- Directed by: Robert Downey Sr.
- Written by: Robert Downey Sr. Laura Ernst Al Schwartz
- Produced by: Lisa M. Hansen Paul Hertzberg Catalaine Knell Seymour Morgenstern Al Schwartz Joe Bilella (co producer)
- Starring: Robert Downey Jr. Laura Ernst Jim Haynie Eric Idle Ralph Macchio Andrea Martin Leo Rossi Howard Duff
- Cinematography: Robert D. Yeoman
- Edited by: Joe D'Augustine
- Music by: David Robbins
- Distributed by: CineTel Films
- Release date: January 25, 1991;
- Running time: 97 minutes
- Country: United States
- Language: English
- Budget: $2.25 million

= Too Much Sun =

1991 film by Robert Downey Sr.

Too Much Sun is a 1991 American comedy film directed by Robert Downey Sr. and starring Robert Downey Jr., Eric Idle, Andrea Martin, Allan Arbus, Ralph Macchio and Howard Duff in his final film appearance. It was filmed in Beverly Hills and Los Angeles, California. The film received generally negative reviews.

==Plot==
A multimillionaire, O.M. Rivers, has two grown children, Sonny who is gay, and Bitsy who is a lesbian. The father knows that Bitsy is a lesbian, but is unaware that Sonny is gay, until he catches him with his lover. After being caught, Sonny confesses to being gay, and dad has a heart attack.

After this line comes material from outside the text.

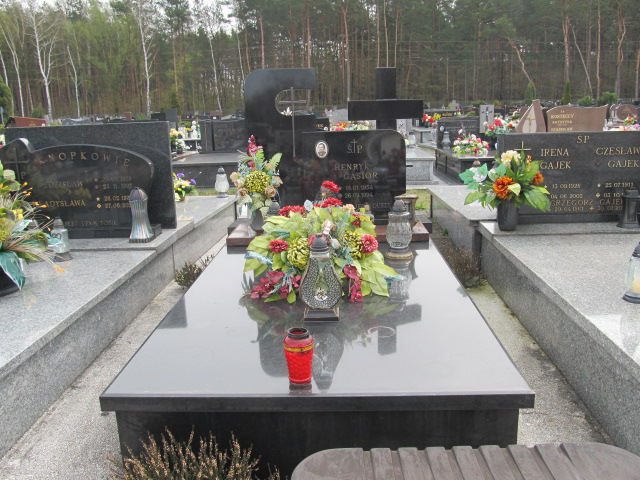 Grób Henryk Gąsior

Shortly before he dies from the effects of the heart attack, he adds a condition to his will, prompted by a devious priest, that will split his $200 million fortune between his two children and the gardener, but there's a catch; Sonny or Bitsy must have a child through heterosexual intercourse in the next year, and if they don't, then the money goes to the church.

==Cast==
- Allan Arbus as Vincent
- Robert Downey Jr. as Reed Richmond
- Howard Duff as O. M.
- Laura Ernst as Susan
- Lara Harris as Sister Ursula
- Jim Haynie as Father Kelly
- James Hong as Frank Sr.
- John Ide as Yacht Captain
- Eric Idle as Sonny
- Marin Kanter as Tiny Nun
- Jon Korkes as Fuzby Robinson
- Ralph Macchio as Frank Jr.
- Christopher Mankiewicz as the mailman
- Andrea Martin as Bitsy
- Leo Rossi as George
- Jennifer Rubin as Gracia
- Cara Sherman as Waitress
- Heidi Swedberg as Sister Agnes

==Background and production==
Director Downey said he wanted to make a funny movie that didn't "stoop to cheap shots about gays, but also keep it believable." He recalls one scene that went too far and had to be taken out; "Idle swishes by and tosses off a lewd double entendre about lesbian sex." Downey claimed that at test screenings, gays and lesbians "are happy with the results, and said, thank god, there's some laughter." He also recalled when they were shopping the script around, they met multiple people who believed that with the AIDS crisis going on, a "movie with gays wasn't commercial; we had to have big names to get this film made." According to Downey, one of those big names was Alan Arkin, who was scheduled to play the priest in the film, but he was unavailable to do it. Regardless, he said it was Arkin and his sons name that helped "sell the movie to distributors in the first place."

==Reception==
Kevin Thomas, reviewing for The Los Angeles Times, gave the film a negative review: "something that might have been made by a band of thumb-nosing high school students... a nasty business that lays waste to its large, gifted and game cast". Peter Travers summed up his review for Rolling Stone, "Downey has become what every true satirist fears most: outdated."

Karl Soehnlein of OutWeek wrote that "gays and lesbians may take the spotlight on the screen, but we seem to have been overlooked as potential audience members." Overall, he concluded that "there's very little a queer viewer will gain from watching this film". Film critic Vincent Canby stated it is a "comedy of loosely strung together farcical situations that, played at half speed, elicit more good will than sustained laughter; much of the comedy, avoids good taste like the plague."

Critic Mick LaSalle said the film "turns out to be more than a disappointment, it's a disaster and a joyless laughless experience." Overall, he opined that "this is a mess, with a group of undefined characters inconsistently following the whims of a confused screenplay." Ralph Novak from People Magazine wrote that it is an "insipid film with a lamebrain script". He went on to say that Ralph Macchio, has a "comedy touch that brings to mind a wrecking ball hitting a tree house; even Idle and Martin seem desperate."

Riese Bernard of Autostraddle was not impressed, writing that "this film is not a hidden gem, it is a shame, and therefore hidden on purpose; it's not simply terrible, it is a stain upon humanity; it is a farce without whimsy, an aggressively unfunny comedy and an allegedly LGBT-inclusive film riddled with really fucked up jokes." Bernard concluded that "its badness is inescapable, like a rotting tuna sandwich in a parked car on a hot day; a day, perhaps, with too much sun."